• **EXERCISE DIRECTIONS**
Below this line are records; write out exactly the lines from the one containing "เส้นเลือดขอด ส" through the one containing "Milwaukee Plastic Surgery", with the pictures left out.

INPUT MATERIAL START

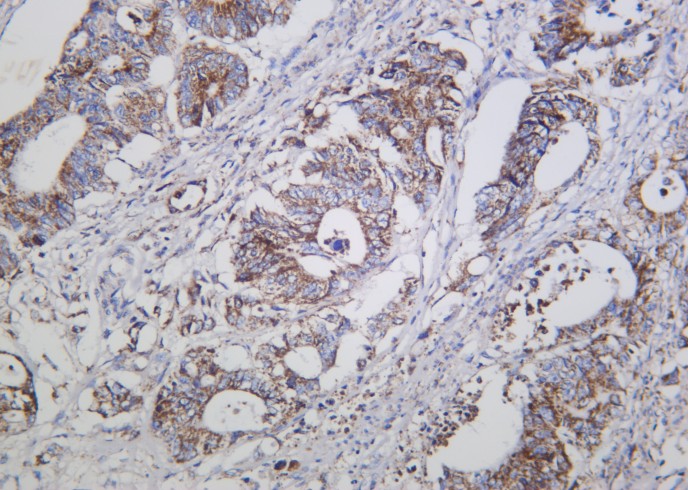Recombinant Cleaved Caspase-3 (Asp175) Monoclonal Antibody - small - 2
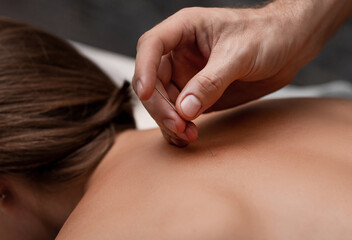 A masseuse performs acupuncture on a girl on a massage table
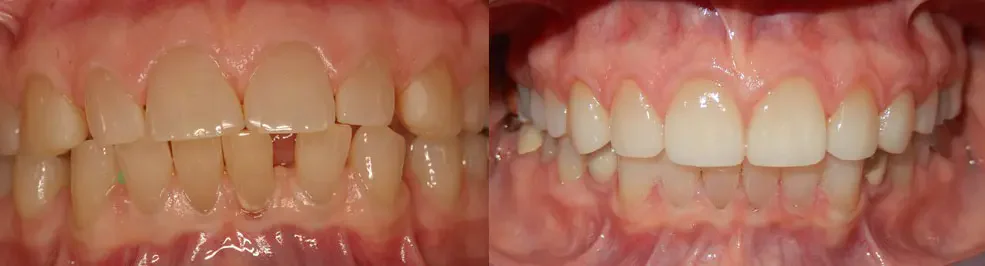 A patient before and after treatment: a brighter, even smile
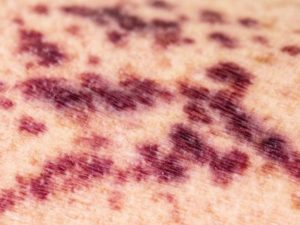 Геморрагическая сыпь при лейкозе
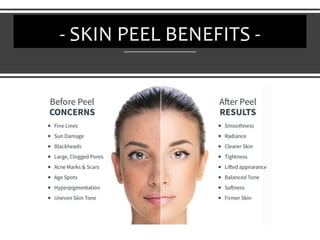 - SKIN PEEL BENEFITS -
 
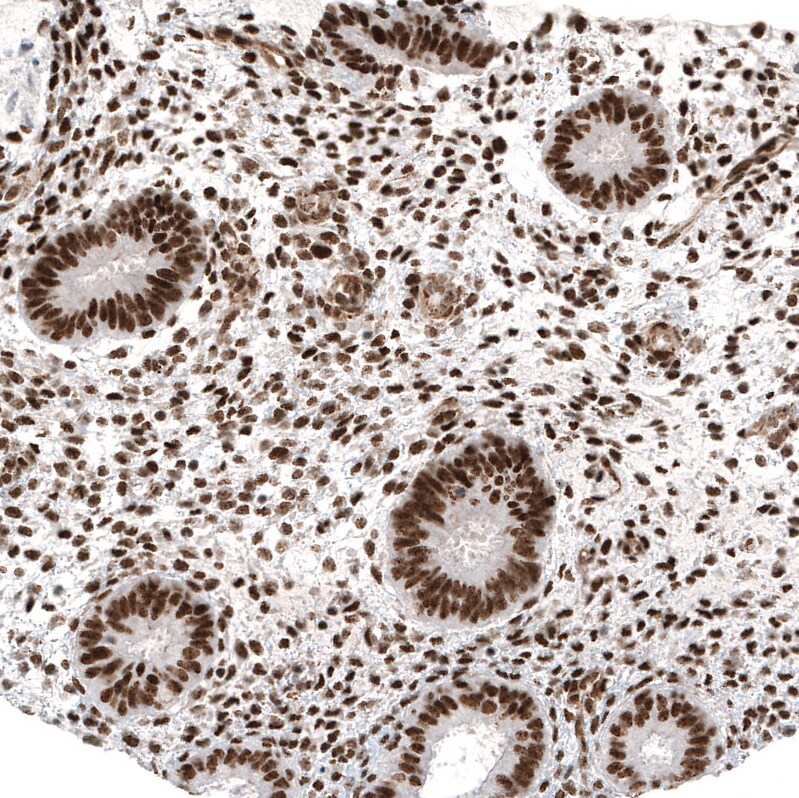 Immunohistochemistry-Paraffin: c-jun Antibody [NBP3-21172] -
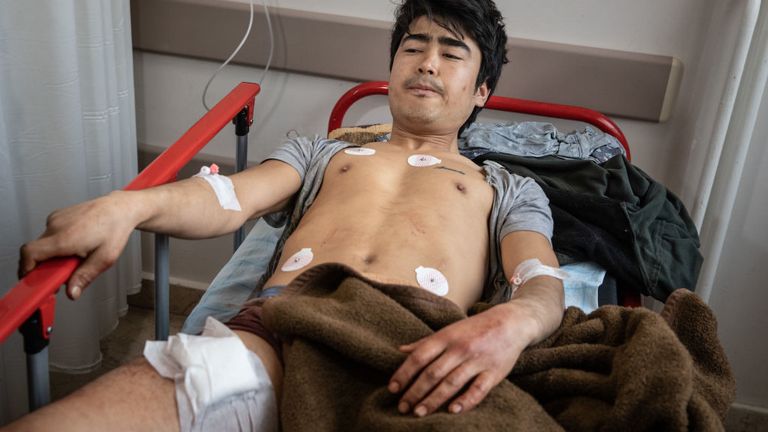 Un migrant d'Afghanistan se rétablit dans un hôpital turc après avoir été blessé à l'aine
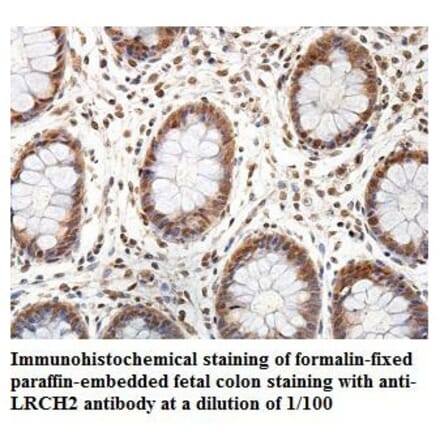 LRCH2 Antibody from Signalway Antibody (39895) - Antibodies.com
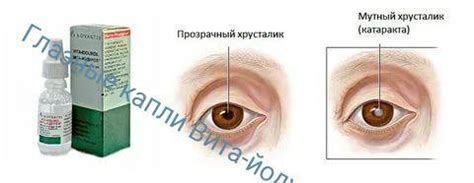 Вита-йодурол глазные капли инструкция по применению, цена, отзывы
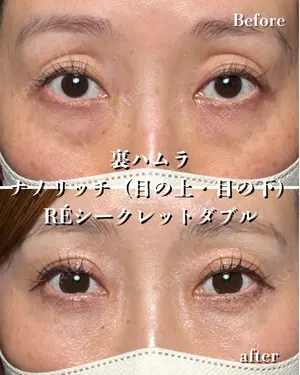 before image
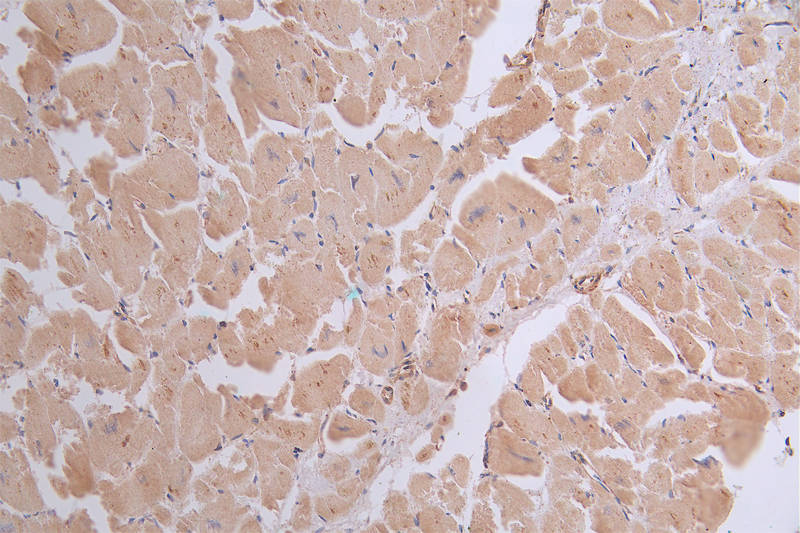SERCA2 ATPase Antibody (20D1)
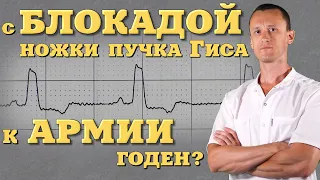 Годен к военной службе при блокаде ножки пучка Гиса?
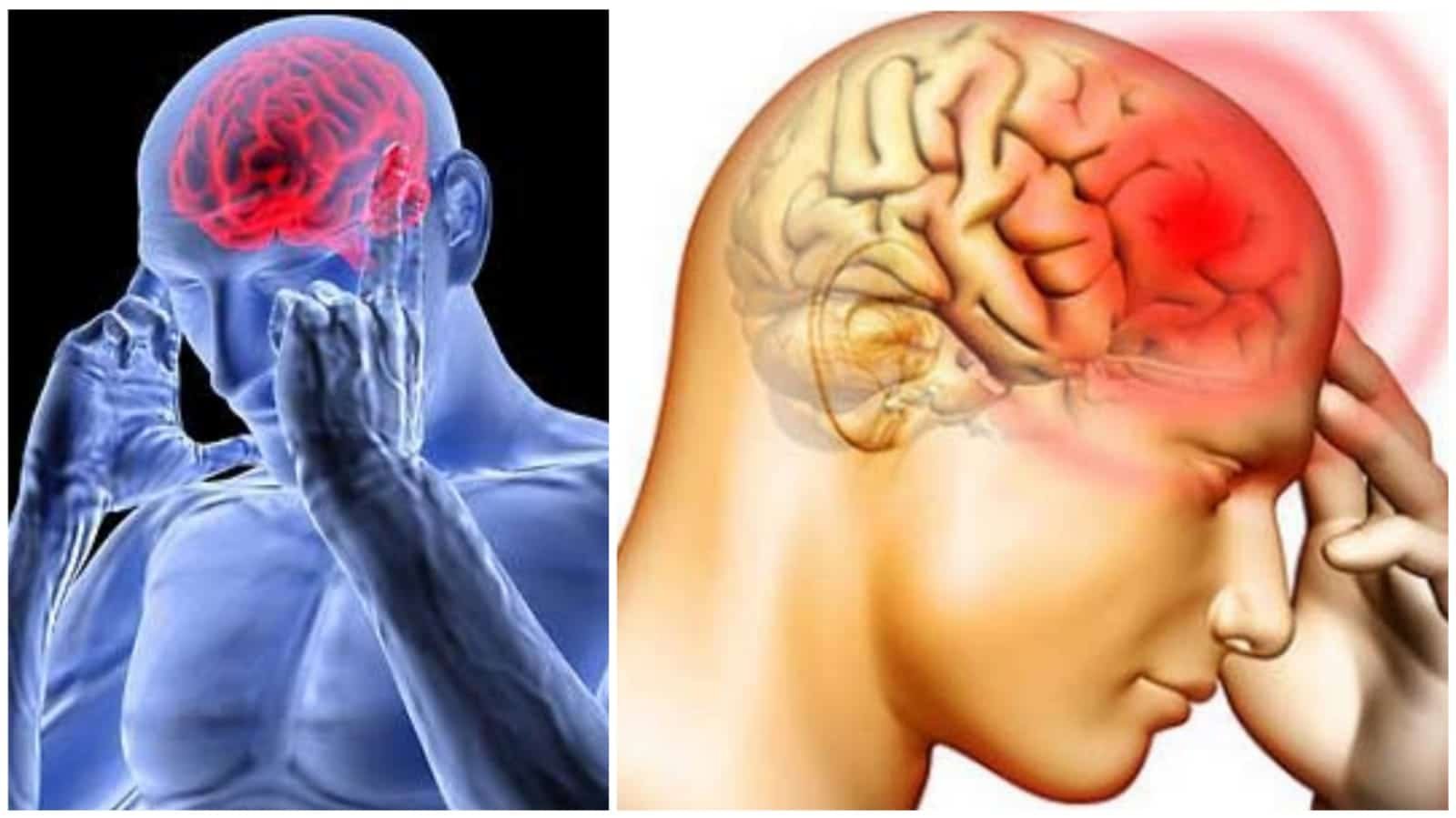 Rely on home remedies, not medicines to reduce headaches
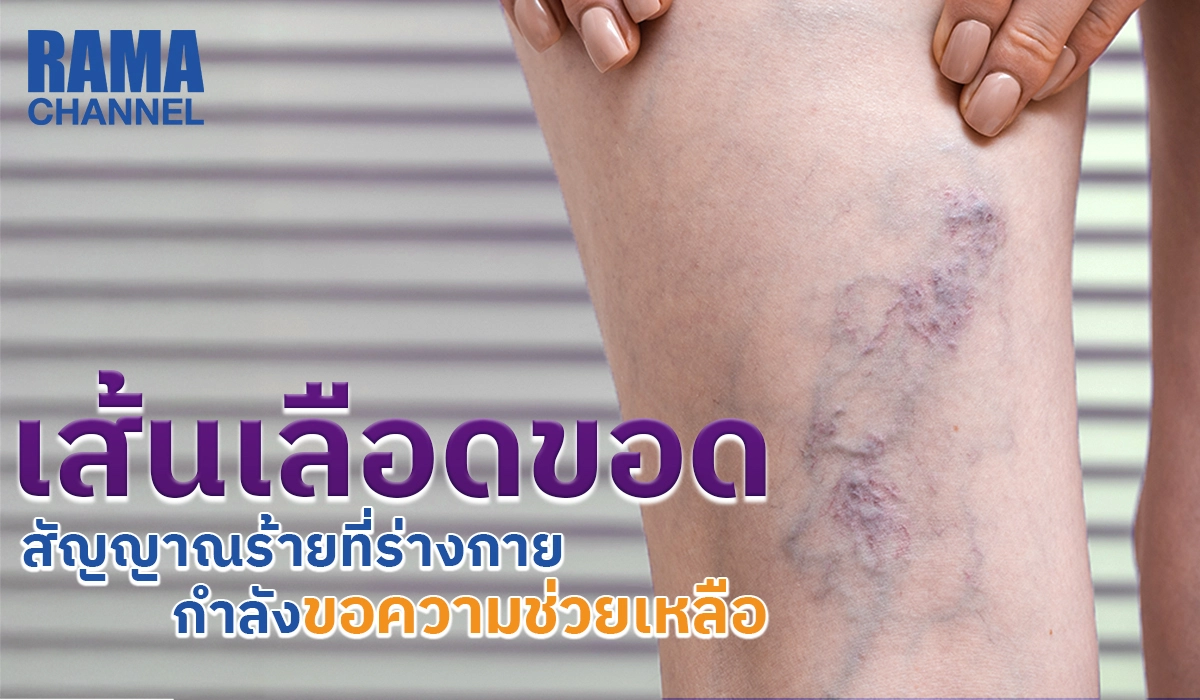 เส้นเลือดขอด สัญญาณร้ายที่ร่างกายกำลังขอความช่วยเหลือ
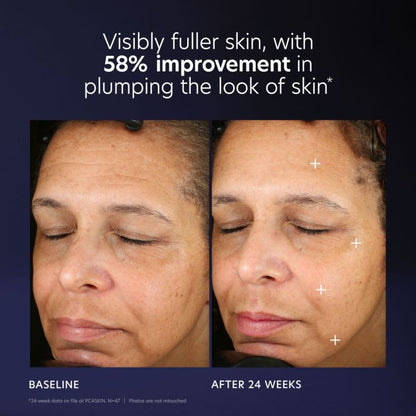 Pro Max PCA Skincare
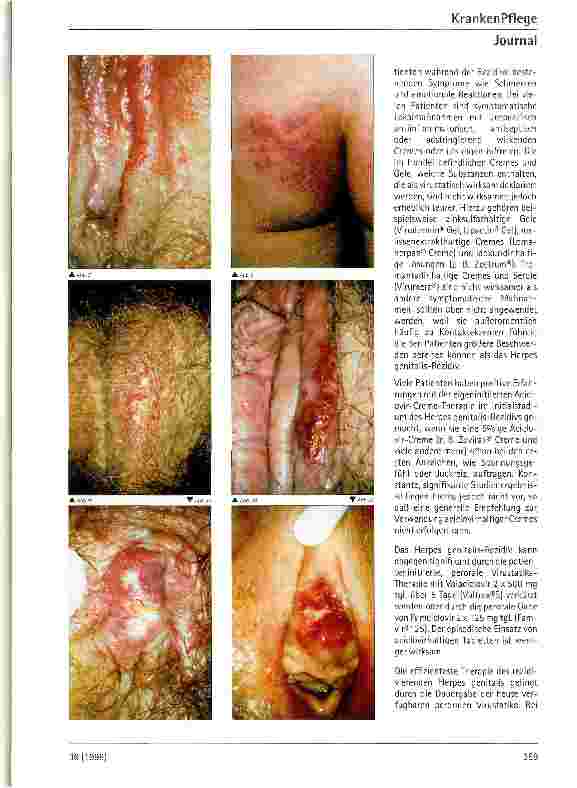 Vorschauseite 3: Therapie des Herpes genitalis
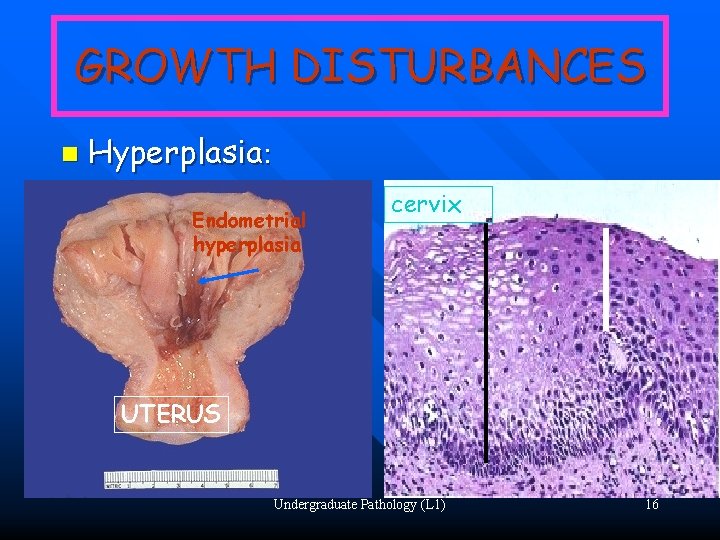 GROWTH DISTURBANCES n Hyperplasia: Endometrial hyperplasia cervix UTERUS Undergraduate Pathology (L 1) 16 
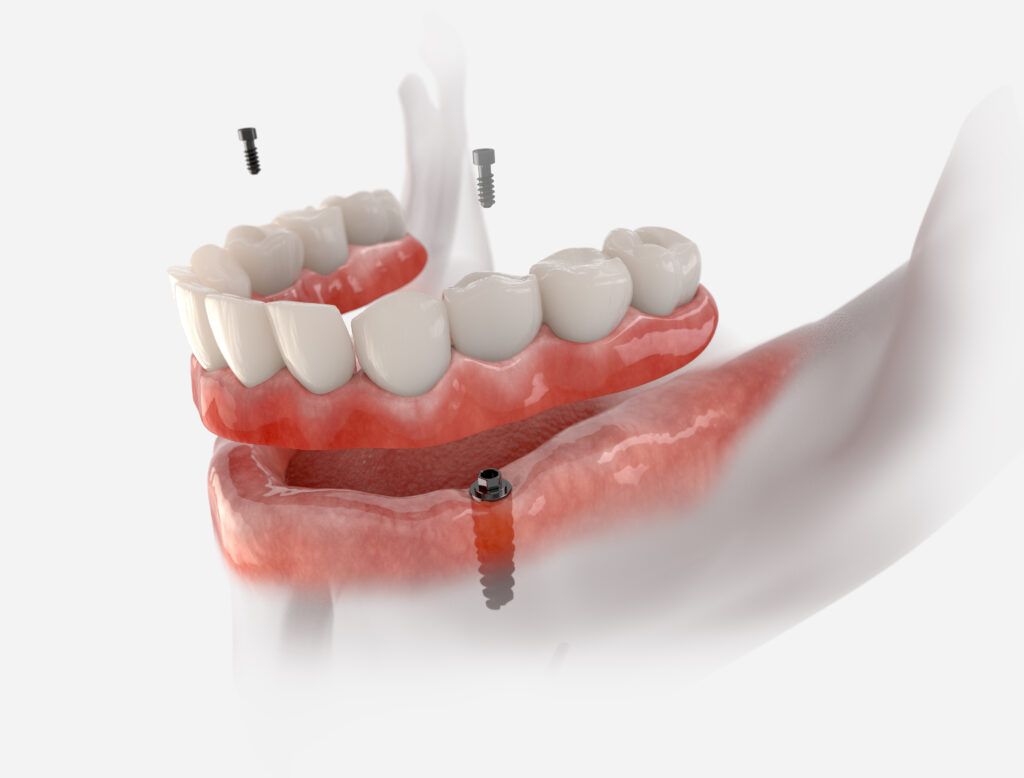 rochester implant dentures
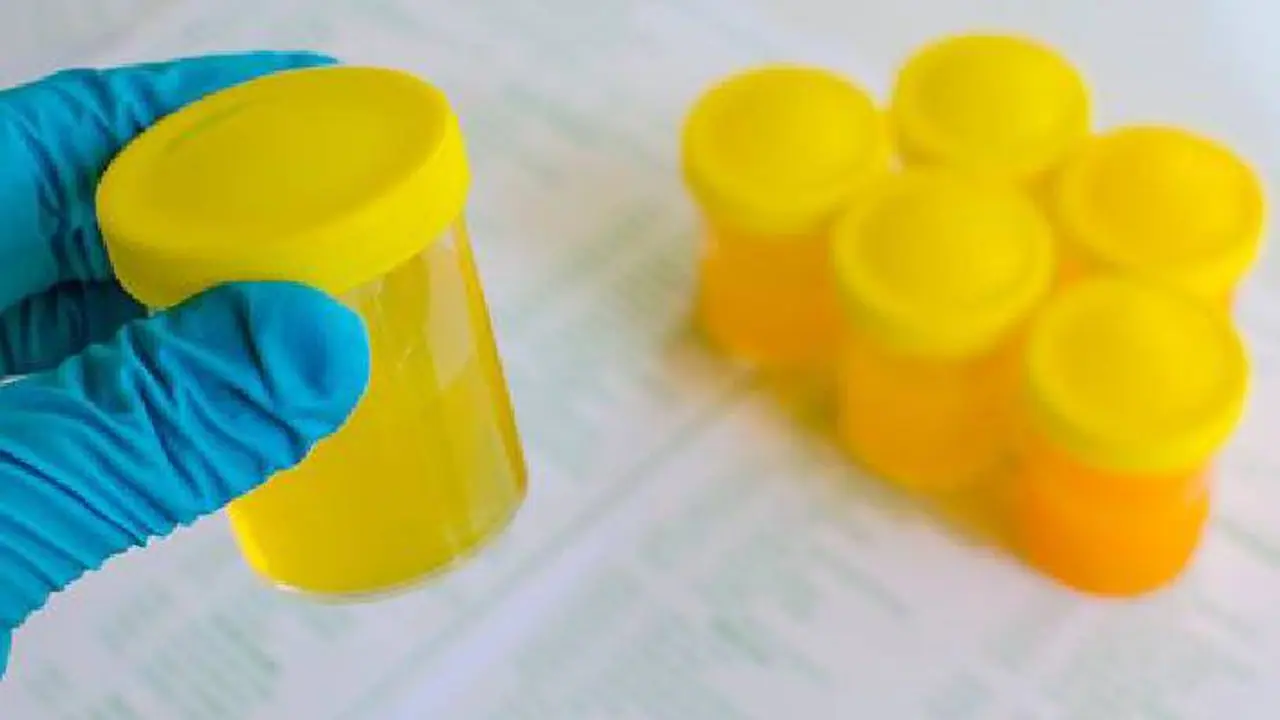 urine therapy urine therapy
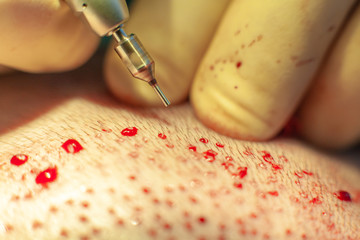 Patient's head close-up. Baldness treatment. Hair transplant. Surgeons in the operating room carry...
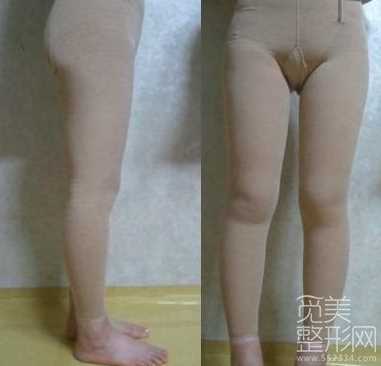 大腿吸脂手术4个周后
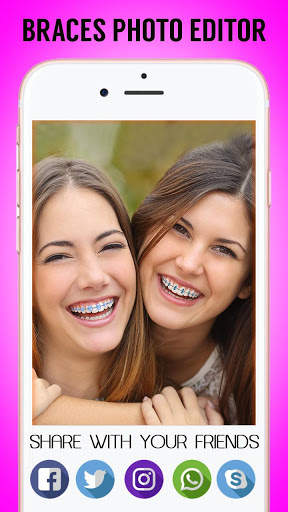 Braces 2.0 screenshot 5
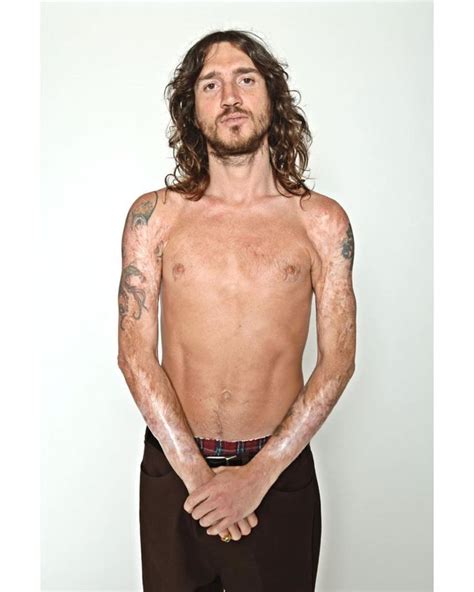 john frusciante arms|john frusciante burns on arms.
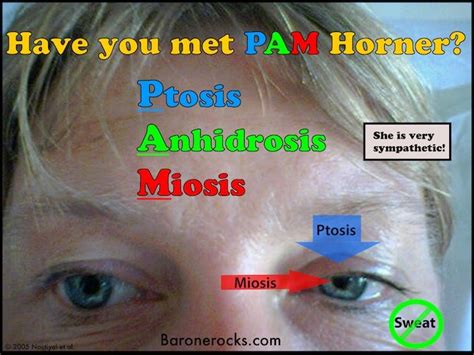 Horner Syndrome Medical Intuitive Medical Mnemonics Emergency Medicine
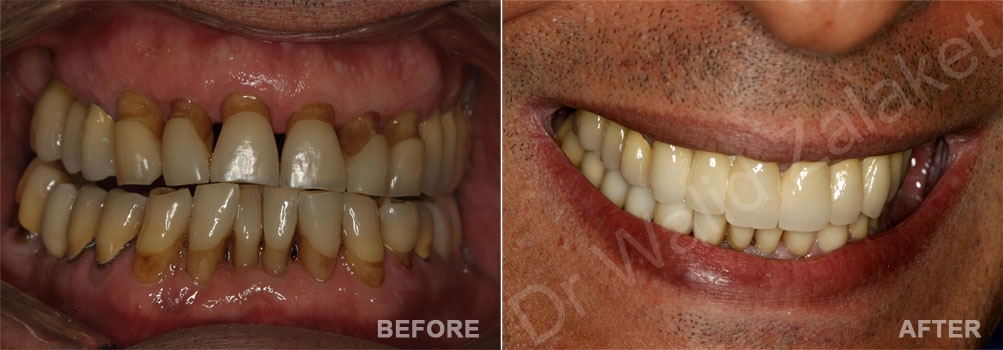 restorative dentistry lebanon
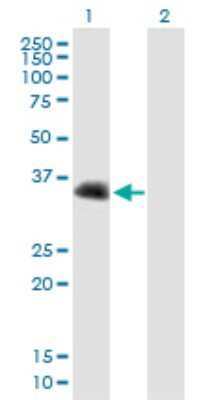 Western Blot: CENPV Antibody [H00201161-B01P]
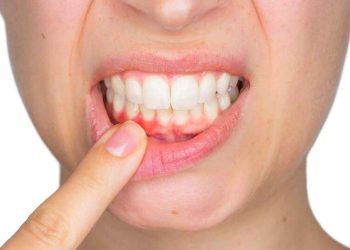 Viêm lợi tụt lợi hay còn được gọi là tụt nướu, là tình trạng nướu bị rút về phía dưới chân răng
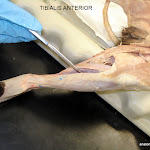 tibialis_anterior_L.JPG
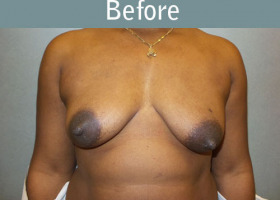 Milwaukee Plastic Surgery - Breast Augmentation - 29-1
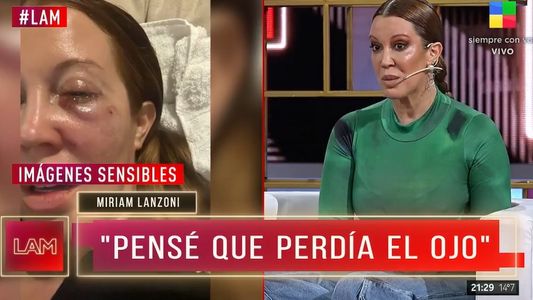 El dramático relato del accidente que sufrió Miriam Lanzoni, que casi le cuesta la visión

INPUT MATERIAL END

• **EXERCISE RESPONSE**
 เส้นเลือดขอด สัญญาณร้ายที่ร่างกายกำลังขอความช่วยเหลือ
 Pro Max PCA Skincare
 Vorschauseite 3: Therapie des Herpes genitalis
 GROWTH DISTURBANCES n Hyperplasia: Endometrial hyperplasia cervix UTERUS Undergraduate Pathology (L 1) 16 
 rochester implant dentures
 urine therapy urine therapy
 Patient's head close-up. Baldness treatment. Hair transplant. Surgeons in the operating room carry...
 大腿吸脂手术4个周后
 Braces 2.0 screenshot 5
 john frusciante arms|john frusciante burns on arms.
 Horner Syndrome Medical Intuitive Medical Mnemonics Emergency Medicine
 restorative dentistry lebanon
 Western Blot: CENPV Antibody [H00201161-B01P]
 Viêm lợi tụt lợi hay còn được gọi là tụt nướu, là tình trạng nướu bị rút về phía dưới chân răng
 tibialis_anterior_L.JPG
 Milwaukee Plastic Surgery - Breast Augmentation - 29-1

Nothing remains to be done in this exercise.